What’s a hook??? I admit to scratching my head over that term, and for a much-too-long time. I would hear it when people were discussing top-selling novels; I’d see it in articles about the craft of writing. It was a frequent comment from my critique partners. “Not much of hook there, Leslie.” (Insert visual of me scratching my head. Again.) They tried to explain it to me: Leave the reader hanging at the end of the chapter. An unanswered question. A cliffhanger.

Well, that was all fine and dandy, except I didn’t get the concept. Until our critique group got down to business and I began to evaluate other people’s unfinished work. Over time, I began to recognize when the end of a chapter or scene felt flat. I began to see how they worked through the process. And then when I saw what my fellow writers did to spice up the work, it finally began to make sense. The final piece of the puzzle fell into place for me when I read James Scott Bell’s Elements of Fiction Writing – Conflict & Suspense.

The basic idea is to end a chapter with the character facing peril of some sort, whether an internal conflict or an external plot development. The higher the stakes for the character, the better. In fact, Bell suggests the character must face death in some form – physical, psychological or professional. Of course your story isn’t filled with melodramatic, overblown situations, but each character must have something crucial at stake in each scene. By setting it up so someone is forced to face failure at some level, and then leaving the conflict unresolved, you create a hook.

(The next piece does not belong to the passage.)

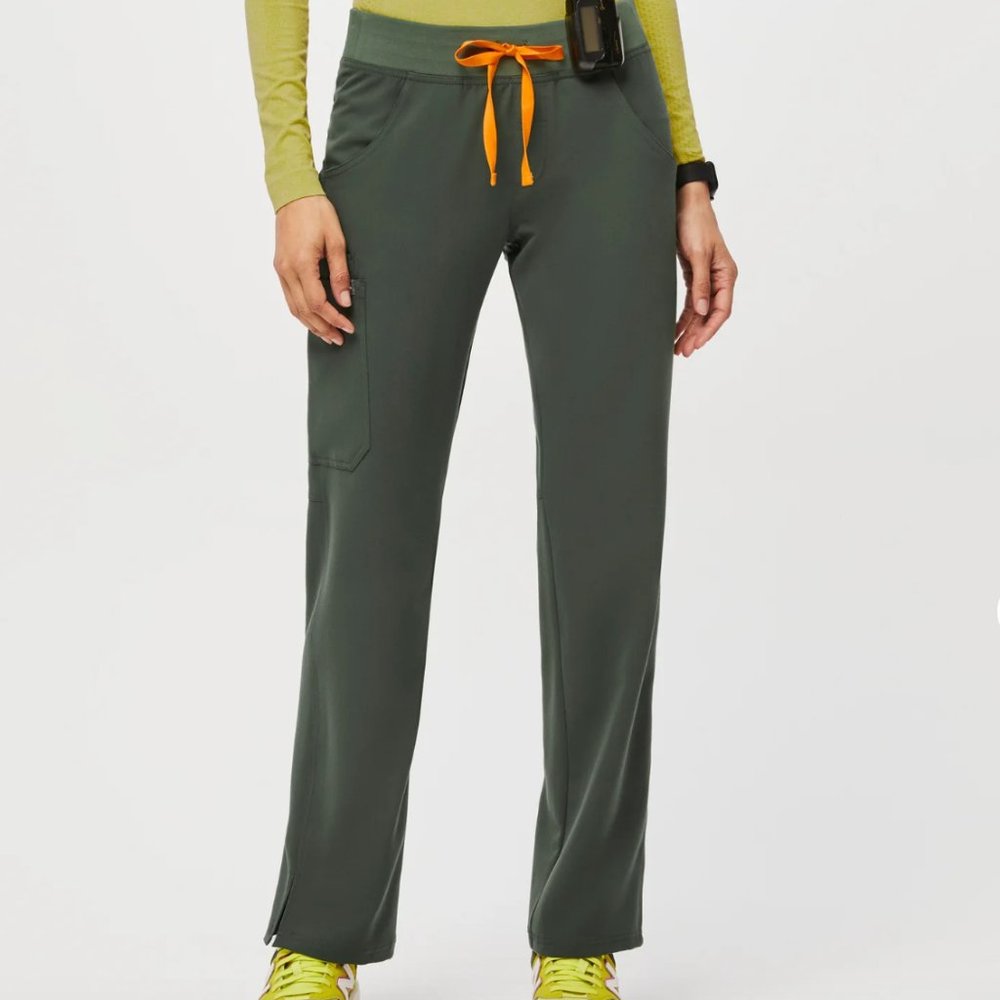 Figs Women's Kade Cargo Scrub Pants in Moss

Hooks come from disaster (Bell’s death) looming, occurring, or simply being implied. The hook can be expressed through dialogue, as a plot twist, as emotion, or via action. The hook can be an actual question, although I’d caution you to use that technique sparingly. I read a book once that ended every chapter with a question, and it felt like old-fashioned middle grade fiction. It didn’t work so well in an adult novel. Whatever method you chose to create a hook, take care to do it in a way that doesn’t leave the reader feeling manipulated. That usually has the opposite effect from what you intend!

One of the most common errors is the form that many of us learned in school: To write each chapter with a beginning, a middle, and an end. This works for nonfiction, but if you want a fiction reader to say “I couldn’t put it down!”, try ending the chapter a paragraph or two early. You’ll be surprised at how well this simple technique works. Then use that bit as the beginning of the next scene.

Go to your personal library of favorite books, or to the library or bookstore. Page through your favorite authors’ work and read the last paragraph of each chapter. You’ll get a solid sense of what creates a hook in short order.

It’s always a question that leaves the reader wanting—no, needing to know what happens next??? Whatever you do, don’t answer the question until the end of the book! Well, you can answer bits of it as you go along, but don’t answer the main question of the book until the end.

Hopefully, the result will be an ocean full of readers happily chasing the hook you’ve dangled – and saying, “That book was so good, I couldn’t put it down!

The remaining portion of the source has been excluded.